:: Material to process ::

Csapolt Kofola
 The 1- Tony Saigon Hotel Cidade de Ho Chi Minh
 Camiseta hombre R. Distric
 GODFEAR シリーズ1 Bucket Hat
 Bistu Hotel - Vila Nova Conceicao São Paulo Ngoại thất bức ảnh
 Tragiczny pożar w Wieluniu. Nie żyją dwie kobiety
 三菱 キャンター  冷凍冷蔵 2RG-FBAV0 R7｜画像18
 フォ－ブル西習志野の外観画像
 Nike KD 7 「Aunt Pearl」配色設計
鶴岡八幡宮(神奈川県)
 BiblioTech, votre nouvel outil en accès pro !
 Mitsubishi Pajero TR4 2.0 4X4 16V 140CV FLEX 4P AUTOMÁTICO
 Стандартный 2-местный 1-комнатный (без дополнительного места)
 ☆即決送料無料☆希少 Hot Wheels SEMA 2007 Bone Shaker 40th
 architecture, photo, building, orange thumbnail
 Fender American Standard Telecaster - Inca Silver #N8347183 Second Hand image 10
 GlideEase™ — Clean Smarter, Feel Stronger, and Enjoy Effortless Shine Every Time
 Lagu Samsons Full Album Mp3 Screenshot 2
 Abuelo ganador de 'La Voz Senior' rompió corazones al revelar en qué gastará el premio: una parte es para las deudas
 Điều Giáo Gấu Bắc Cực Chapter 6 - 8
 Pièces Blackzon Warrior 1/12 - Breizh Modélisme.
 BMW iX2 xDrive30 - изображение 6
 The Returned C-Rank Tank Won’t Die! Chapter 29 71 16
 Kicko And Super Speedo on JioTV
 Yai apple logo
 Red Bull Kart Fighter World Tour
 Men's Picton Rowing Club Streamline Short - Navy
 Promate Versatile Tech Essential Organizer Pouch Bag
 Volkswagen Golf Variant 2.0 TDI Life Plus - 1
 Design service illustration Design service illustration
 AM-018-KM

:: What to work on ::
Everything from the line containing "Pièces Blackzon Warrior" to the last line of the material above must be copied exactly, and only that.

:: Solution for this task ::
 Pièces Blackzon Warrior 1/12 - Breizh Modélisme.
 BMW iX2 xDrive30 - изображение 6
 The Returned C-Rank Tank Won’t Die! Chapter 29 71 16
 Kicko And Super Speedo on JioTV
 Yai apple logo
 Red Bull Kart Fighter World Tour
 Men's Picton Rowing Club Streamline Short - Navy
 Promate Versatile Tech Essential Organizer Pouch Bag
 Volkswagen Golf Variant 2.0 TDI Life Plus - 1
 Design service illustration Design service illustration
 AM-018-KM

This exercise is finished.